# [Brief]
Using the records below, find every line that includes "want" and copy it.

Dataset items:
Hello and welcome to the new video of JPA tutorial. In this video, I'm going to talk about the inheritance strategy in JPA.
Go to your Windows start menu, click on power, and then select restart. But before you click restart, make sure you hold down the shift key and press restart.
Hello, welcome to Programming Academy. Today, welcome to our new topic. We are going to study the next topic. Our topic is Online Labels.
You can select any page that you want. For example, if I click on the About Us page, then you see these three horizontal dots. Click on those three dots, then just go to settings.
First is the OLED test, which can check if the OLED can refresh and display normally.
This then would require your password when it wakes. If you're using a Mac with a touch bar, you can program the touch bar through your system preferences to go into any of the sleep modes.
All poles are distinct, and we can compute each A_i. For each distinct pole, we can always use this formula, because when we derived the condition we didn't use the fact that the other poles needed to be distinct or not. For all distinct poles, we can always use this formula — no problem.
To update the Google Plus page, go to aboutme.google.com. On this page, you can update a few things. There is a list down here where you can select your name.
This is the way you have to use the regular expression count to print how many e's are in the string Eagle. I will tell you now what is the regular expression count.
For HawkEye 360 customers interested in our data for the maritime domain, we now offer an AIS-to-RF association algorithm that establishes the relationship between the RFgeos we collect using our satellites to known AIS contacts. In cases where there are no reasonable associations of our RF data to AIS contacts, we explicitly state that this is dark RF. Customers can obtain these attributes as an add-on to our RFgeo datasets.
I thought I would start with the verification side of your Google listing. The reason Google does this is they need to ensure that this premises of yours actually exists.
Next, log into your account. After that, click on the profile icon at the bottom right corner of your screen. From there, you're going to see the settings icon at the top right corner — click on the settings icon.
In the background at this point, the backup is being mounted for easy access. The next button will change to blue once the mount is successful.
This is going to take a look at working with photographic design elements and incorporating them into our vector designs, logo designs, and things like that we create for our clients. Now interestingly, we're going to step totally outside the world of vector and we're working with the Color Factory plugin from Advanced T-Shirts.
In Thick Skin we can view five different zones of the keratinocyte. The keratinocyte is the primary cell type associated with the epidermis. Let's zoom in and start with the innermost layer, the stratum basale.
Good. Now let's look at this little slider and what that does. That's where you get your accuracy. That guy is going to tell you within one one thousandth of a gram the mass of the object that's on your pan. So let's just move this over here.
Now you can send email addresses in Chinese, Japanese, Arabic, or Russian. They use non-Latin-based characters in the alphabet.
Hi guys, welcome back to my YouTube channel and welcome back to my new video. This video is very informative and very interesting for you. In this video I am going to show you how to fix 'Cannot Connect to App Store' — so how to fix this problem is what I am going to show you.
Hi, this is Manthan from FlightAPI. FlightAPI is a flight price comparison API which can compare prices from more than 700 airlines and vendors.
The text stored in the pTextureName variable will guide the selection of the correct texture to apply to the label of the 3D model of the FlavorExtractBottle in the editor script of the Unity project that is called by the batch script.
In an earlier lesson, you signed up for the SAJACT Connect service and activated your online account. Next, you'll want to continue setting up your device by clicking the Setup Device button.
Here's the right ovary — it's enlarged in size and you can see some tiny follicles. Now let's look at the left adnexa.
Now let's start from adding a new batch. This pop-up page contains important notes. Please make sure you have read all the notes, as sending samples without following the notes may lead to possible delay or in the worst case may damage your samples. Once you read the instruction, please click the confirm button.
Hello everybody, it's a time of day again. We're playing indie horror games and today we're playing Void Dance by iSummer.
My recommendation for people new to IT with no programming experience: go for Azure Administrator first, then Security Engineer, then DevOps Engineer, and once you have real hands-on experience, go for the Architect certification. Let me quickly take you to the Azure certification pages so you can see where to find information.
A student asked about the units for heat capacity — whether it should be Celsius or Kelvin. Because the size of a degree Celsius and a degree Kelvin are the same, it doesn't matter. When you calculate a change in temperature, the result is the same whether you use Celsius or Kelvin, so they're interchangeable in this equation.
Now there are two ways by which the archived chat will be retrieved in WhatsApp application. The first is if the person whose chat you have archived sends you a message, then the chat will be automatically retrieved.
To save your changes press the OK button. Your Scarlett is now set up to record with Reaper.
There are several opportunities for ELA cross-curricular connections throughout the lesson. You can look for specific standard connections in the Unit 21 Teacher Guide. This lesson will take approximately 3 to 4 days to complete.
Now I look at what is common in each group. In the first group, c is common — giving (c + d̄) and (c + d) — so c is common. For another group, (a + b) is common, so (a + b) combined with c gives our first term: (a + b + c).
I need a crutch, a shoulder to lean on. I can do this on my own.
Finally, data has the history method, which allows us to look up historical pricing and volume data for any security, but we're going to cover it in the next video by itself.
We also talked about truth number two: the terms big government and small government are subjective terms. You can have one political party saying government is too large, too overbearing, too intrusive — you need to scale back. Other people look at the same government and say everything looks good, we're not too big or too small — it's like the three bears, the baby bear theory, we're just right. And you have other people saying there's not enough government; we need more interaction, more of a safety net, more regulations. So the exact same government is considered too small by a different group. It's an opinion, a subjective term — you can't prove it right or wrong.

# [Answer box]
You can select any page that you want. For example, if I click on the About Us page, then you see these three horizontal dots. Click on those three dots, then just go to settings.
In an earlier lesson, you signed up for the SAJACT Connect service and activated your online account. Next, you'll want to continue setting up your device by clicking the Setup Device button.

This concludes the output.